Re:Smartest workflow move ....ever! (Score:4, Interesting)
OK, but how does focus-follows-mouse disadvantage everyone else? I use it, and I don't have a beard.
I can't speak for everyone else, but in my case the keyboard and mouse works like a team, I do shortcuts on the keyboard while the mouse is on its way or already somewhere else. A typical operation is copying/moving files or text which for me is usually Ctrl-X/C *click* Ctrl-V as the click focuses on the destination. Focus follow steals the focus too soon.
Another big annoyance is losing focus if I move my hand over to the keyboard to type, particularly on the stupid apps that have focus follows mouse even inside the application. It really doesn't take much to move a line away in a form or something.

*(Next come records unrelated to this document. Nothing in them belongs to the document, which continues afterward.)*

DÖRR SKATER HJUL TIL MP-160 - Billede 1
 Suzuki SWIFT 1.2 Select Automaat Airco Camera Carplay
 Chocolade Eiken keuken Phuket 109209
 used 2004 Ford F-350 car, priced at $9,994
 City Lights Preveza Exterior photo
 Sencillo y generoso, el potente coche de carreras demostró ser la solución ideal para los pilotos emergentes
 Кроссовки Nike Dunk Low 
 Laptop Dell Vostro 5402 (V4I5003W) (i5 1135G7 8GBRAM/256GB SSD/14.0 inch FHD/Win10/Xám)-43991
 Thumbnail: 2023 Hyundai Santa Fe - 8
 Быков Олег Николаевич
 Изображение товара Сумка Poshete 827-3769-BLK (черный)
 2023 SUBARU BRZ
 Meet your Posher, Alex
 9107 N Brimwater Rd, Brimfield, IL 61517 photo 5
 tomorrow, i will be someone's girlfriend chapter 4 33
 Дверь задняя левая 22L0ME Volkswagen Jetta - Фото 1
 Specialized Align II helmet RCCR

Also, I find I can be much more effective if I can be erratic with the mouse and click to confirm rather than things popping in and out of focus all over the place. That I could probably get used to ignore but I find it distracting and not productive.
Re:Smartest workflow move ....ever! (Score:4, Insightful)
None of his software used a mouse for input, so why not use it as an enhanced 2-dimensional task switcher?
I don't understand. If you're using your mouse for input (as I very frequently do), doesn't it make sense that your mouse would be over the application that you're interacting with, which at least suggests it should have focus? If you're using the mouse for input, that implies clicking, which would give that app focus in click-to-focus anyway.
I'm not saying there's something wrong with your preference, I just don't seem to get the usage model that inspires the preference. The more graphical apps I'm using, the more I appreciate focus-follows-mouse.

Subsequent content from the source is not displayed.